EXERCISE:
Locate the line that contains "4 Object Memory (Google Slides)" in the entries below, then repeat it and every following line through the line that contains "Virginia Gold Cup", exactly, and no others.

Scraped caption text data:
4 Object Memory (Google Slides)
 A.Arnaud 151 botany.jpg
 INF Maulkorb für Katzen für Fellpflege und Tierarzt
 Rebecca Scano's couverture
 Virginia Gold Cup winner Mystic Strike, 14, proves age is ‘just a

--

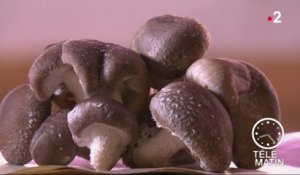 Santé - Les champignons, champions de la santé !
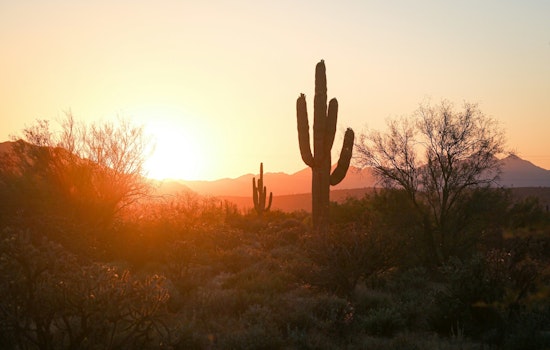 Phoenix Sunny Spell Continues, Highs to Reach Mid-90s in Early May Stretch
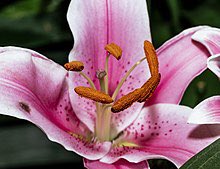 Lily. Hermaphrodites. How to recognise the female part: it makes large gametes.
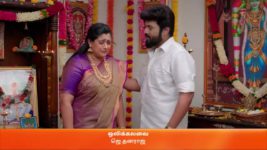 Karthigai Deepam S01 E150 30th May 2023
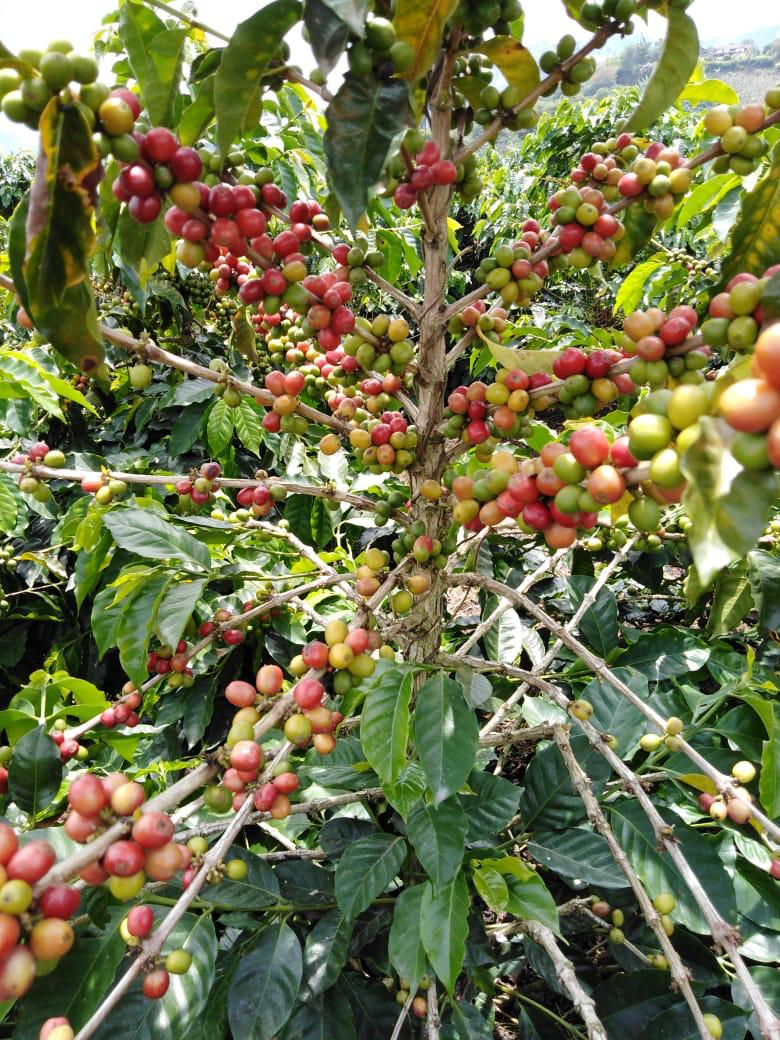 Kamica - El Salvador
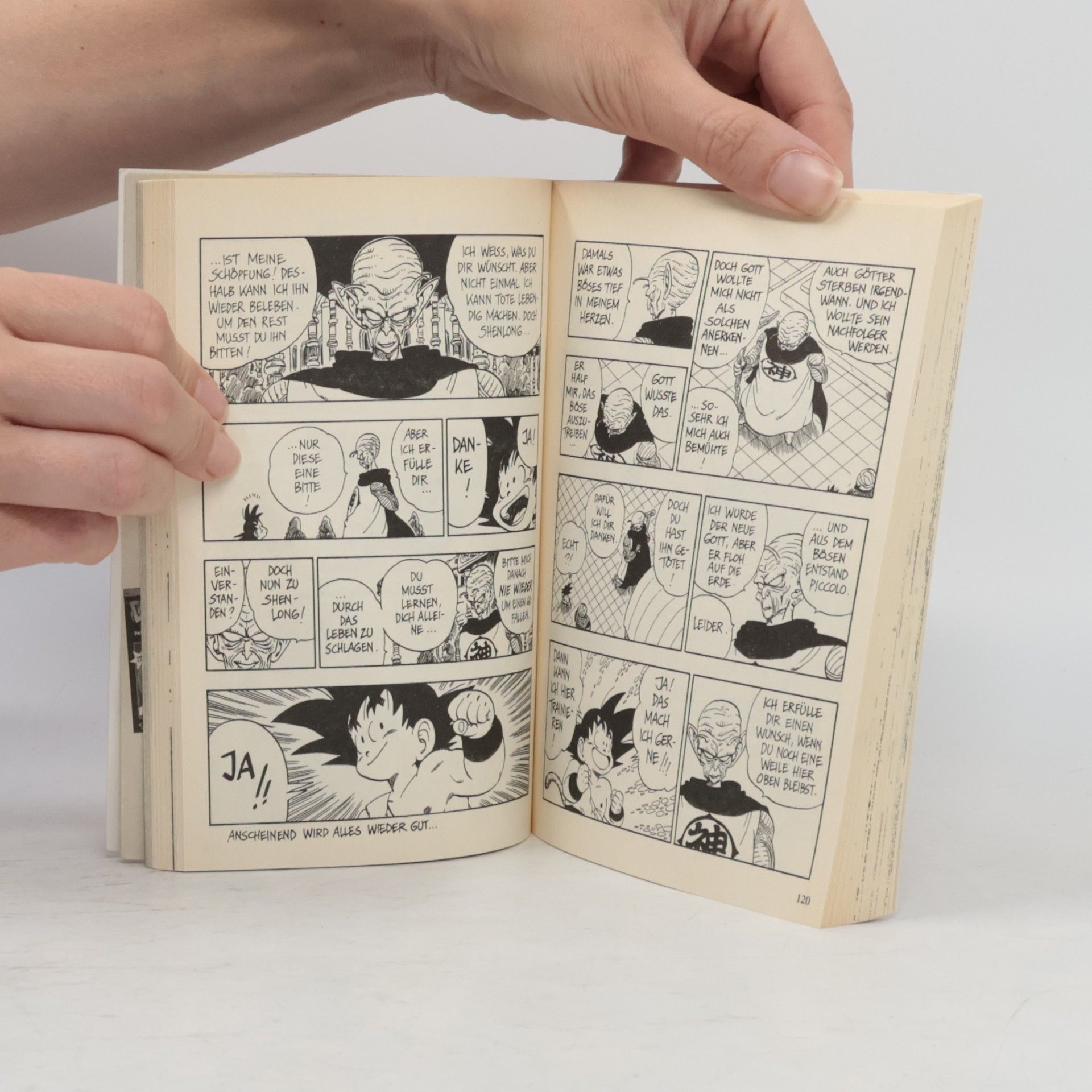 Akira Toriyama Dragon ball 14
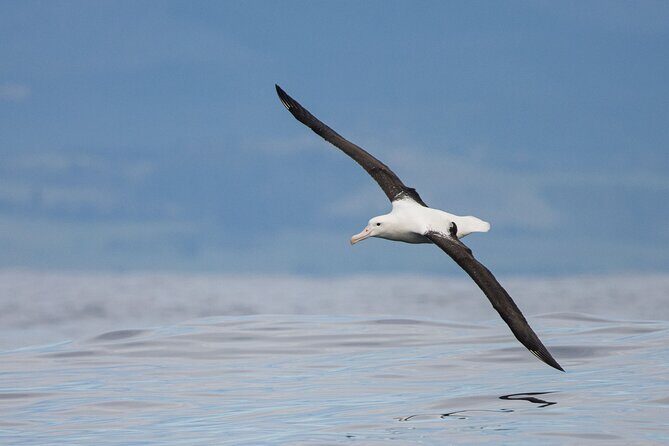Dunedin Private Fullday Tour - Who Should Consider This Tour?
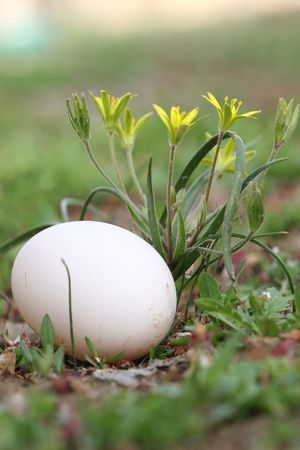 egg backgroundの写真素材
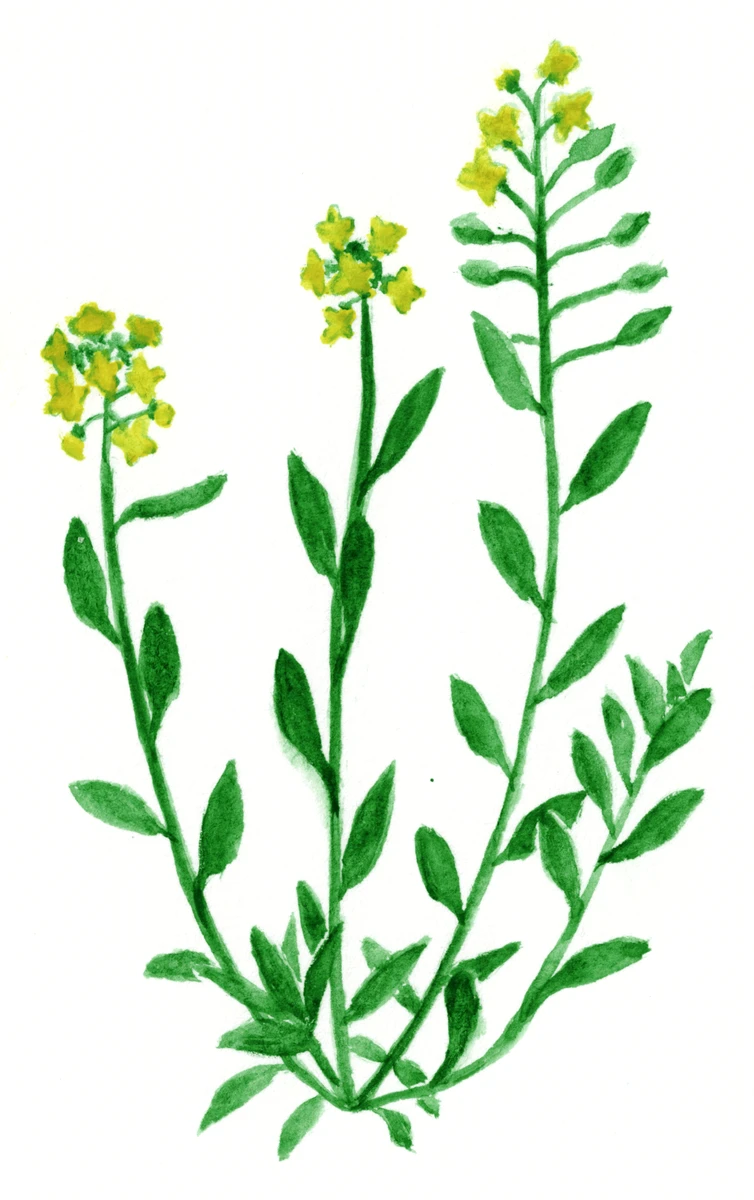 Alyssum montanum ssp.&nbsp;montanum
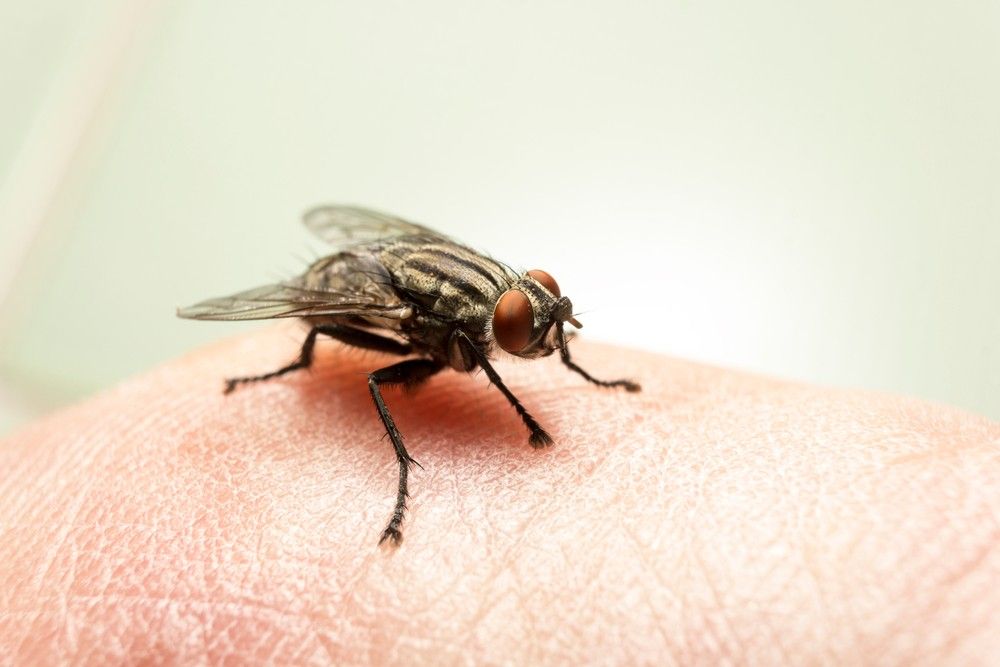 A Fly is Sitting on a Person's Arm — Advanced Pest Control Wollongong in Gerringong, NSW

EXERCISE SOLUTION:
4 Object Memory (Google Slides)
 A.Arnaud 151 botany.jpg
 INF Maulkorb für Katzen für Fellpflege und Tierarzt
 Rebecca Scano's couverture
 Virginia Gold Cup winner Mystic Strike, 14, proves age is ‘just a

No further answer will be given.